A government-commissioned review has called for the creation of a research and development (R&D) roadmap by autumn 2023 to ensure the UK has the technology it needs to deliver on its 2050 net-zero greenhouse gas emissions goal.
The 340-page Mission zero: Independent review of net zero report calls on the government to create an R&D and technology roadmap over the coming months, “outlining the key decision points” required to ensure “priority technologies” deliver on the UK’s net-zero and economic growth ambitions.
In support of this, the document also states that the Department for Business, Energy and Industrial Strategy (BEIS) should join forces with HM Treasury to review how best to financially incentivise organisations for conducting R&D activities around net-zero initiatives.
The incentives could include the roll-out of tax credits and the ring-fencing of R&D spend, as stated in the report. “[The government should] conduct and publish, before autumn 2023, a review of how we should change regulation for emerging net-zero technologies to enable their rapid and safe introduction, to support the net-zero transition and boost growth,” it said.
The review, overseen by former energy minister Chris Skidmore, is geared towards investigating how the UK’s efforts to become a net-zero economy by 2050 are progressing, and features a series of recommendations to make the transition as “affordable and efficient” as possible.
More than 1,800 participants contributed to the review, including “hundreds of innovative companies eager to bring new technology to market” who claim their ability to do so is being hampered by “slow, ponderous bureaucracy”, with the report hailing the private sector as playing a critical role in bringing low carbon technologies to the mass market.
“For all of the UK’s past success and future ambition, the review has heard from many respondents frustrated by a lack of long-term thinking, siloed behaviour from government departments and uncertainty over the length of funding commitments,” the review document stated. “Evidence suggests this is holding back deployment of green technologies, hampering investment across all sectors and inhibiting the ability to create British jobs.”

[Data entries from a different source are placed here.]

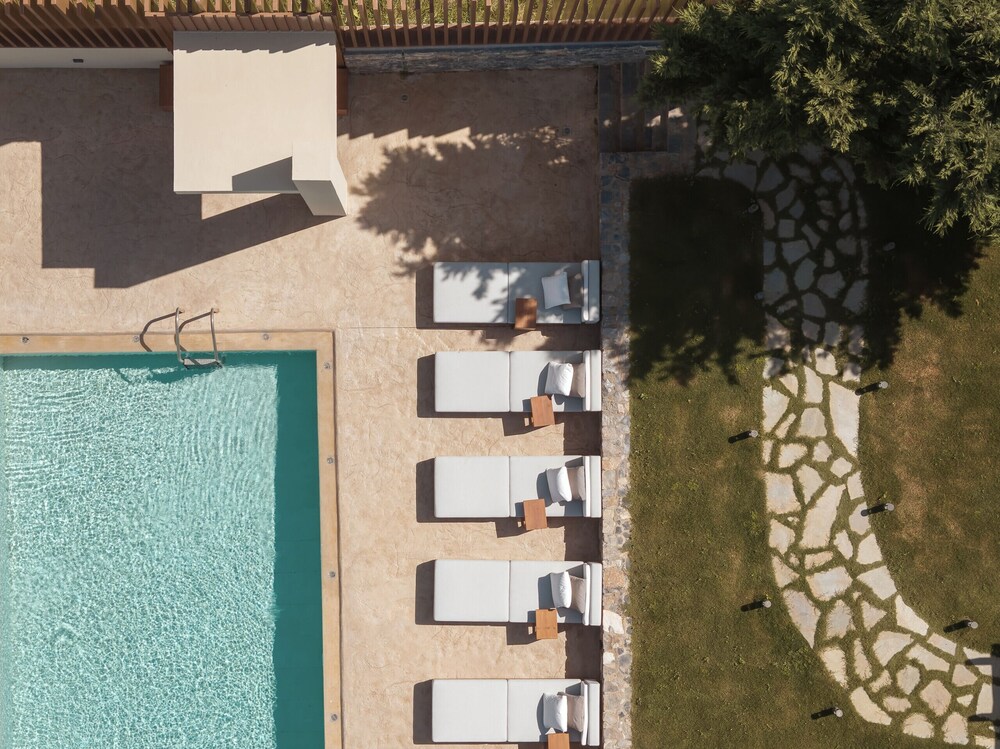 Ami Manoir Villa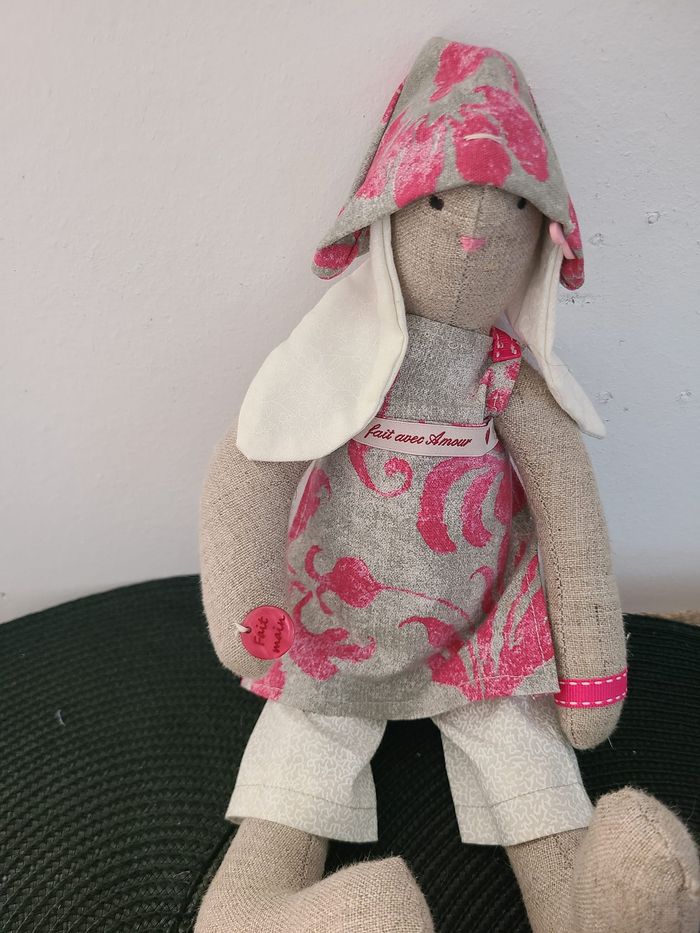 Lapin Tilda hauteur 30 cm en tissu 100% coton fait main - photo numéro 5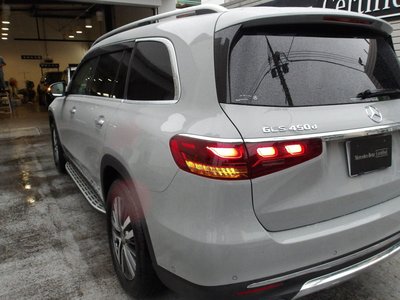 2025 Mercedes-BENZ GLS thumbnail 25
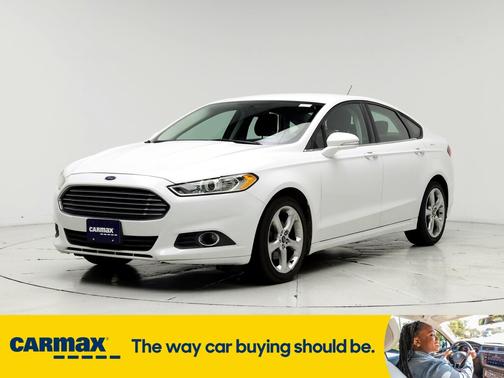 2013 Ford Fusion SE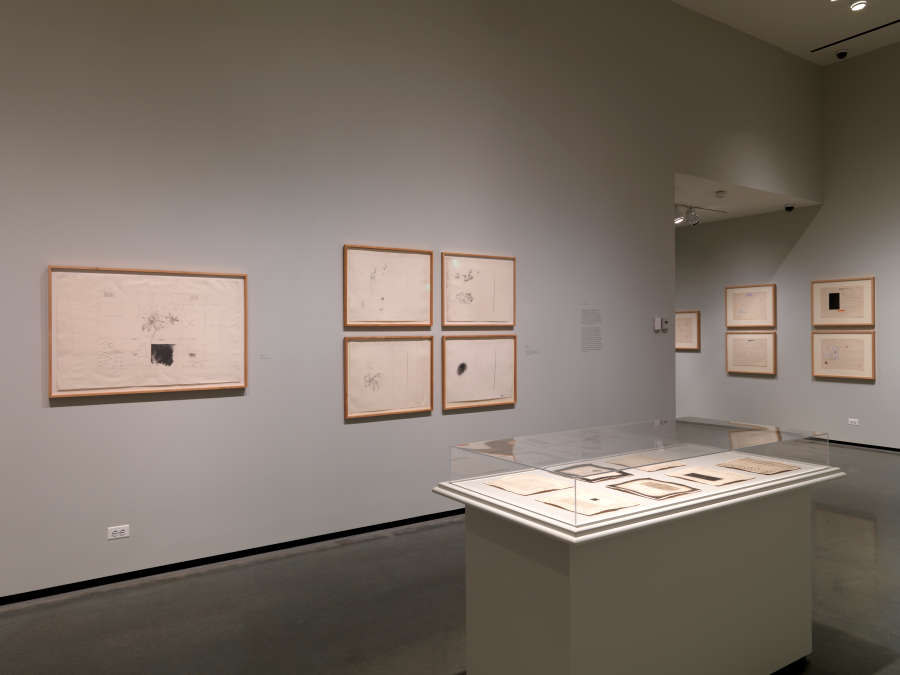 view exhibition image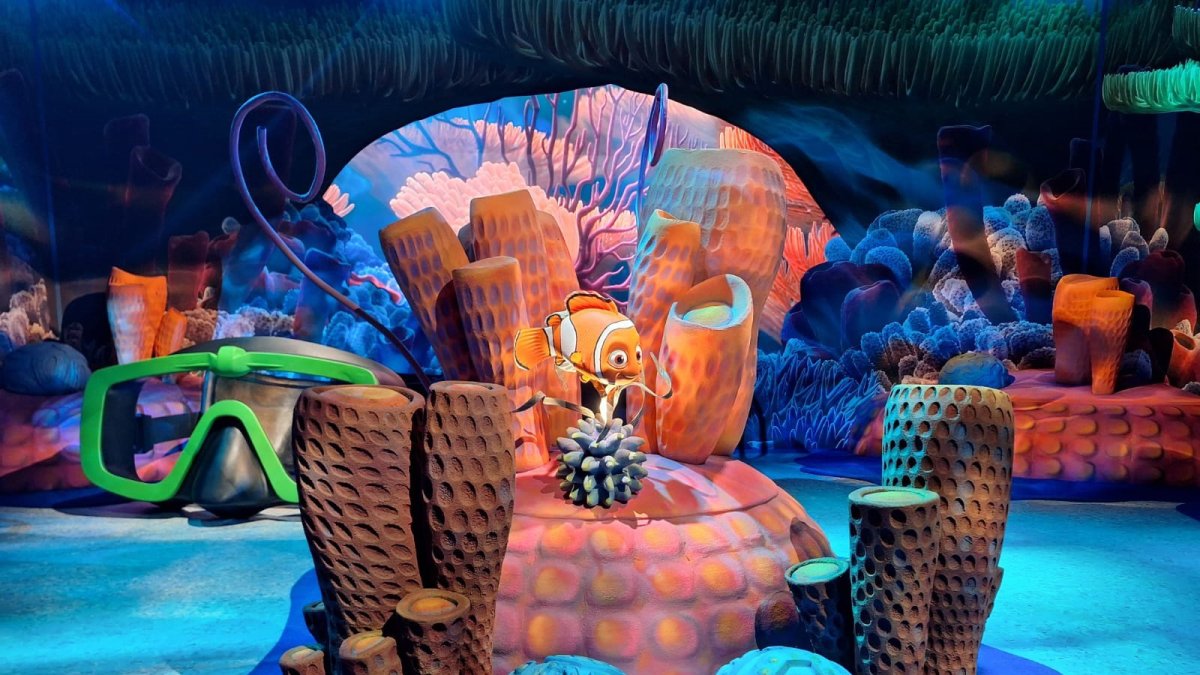 L’espai de 'Buscant Nemo', una de les 13 sales de l’exposició immersiva 'Món Pixar' a Barcelona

Another area in need of attention is the state of the energy system, with the review’s participants taking aim at the UK’s “antiquated grid connections”, which are described as being unsuitable for a “modern 21st century electrified economy”.
For this reason, an overhaul of the infrastructure underpinning the UK energy system is urgently required, with the document calling for the creation of a “cross-sectional infrastructure strategy” by 2025.
“We need to rapidly build and adapt the infrastructure for electricity, hydrogen, other liquid, and gaseous fuels and carbon dioxide networks that support our green economy,” the report stated. “The scale of this challenge, and the breadth, is too much to be left to the whims of individual projects.”
The Institution of Mechanical Engineers was among the parties who provided feedback to the review, with the organisation’s head of engineering policy, Matt Rooney, describing the net-zero transition as “the most ambitious engineering challenge ever undertaken”.
But, as well as lowering the barriers towards developing and deploying the technologies needed to support the net-zero agenda, the government also needs to ensure it has the skills on-hand to deliver on it, too.
“There is a significant economic opportunity for the UK to lead on developing technologies that are necessary for decarbonisation, including offshore wind and advanced nuclear,” he said. “Important technologies for meeting net-zero, notably carbon capture and storage, will be geographically dispersed around the country, and so will assist with the government’s ‘levelling-up’ agenda.
“There are potential obstacles to achieving the rapid decarbonisation required, one of which being a lack of technical skills,” added Rooney. “Engineers and technicians will be vital to reaching net-zero, and we already know there is shortfall in the pipeline of skills required. It is important that the government recognises this and puts forward the necessary resources to correct it.”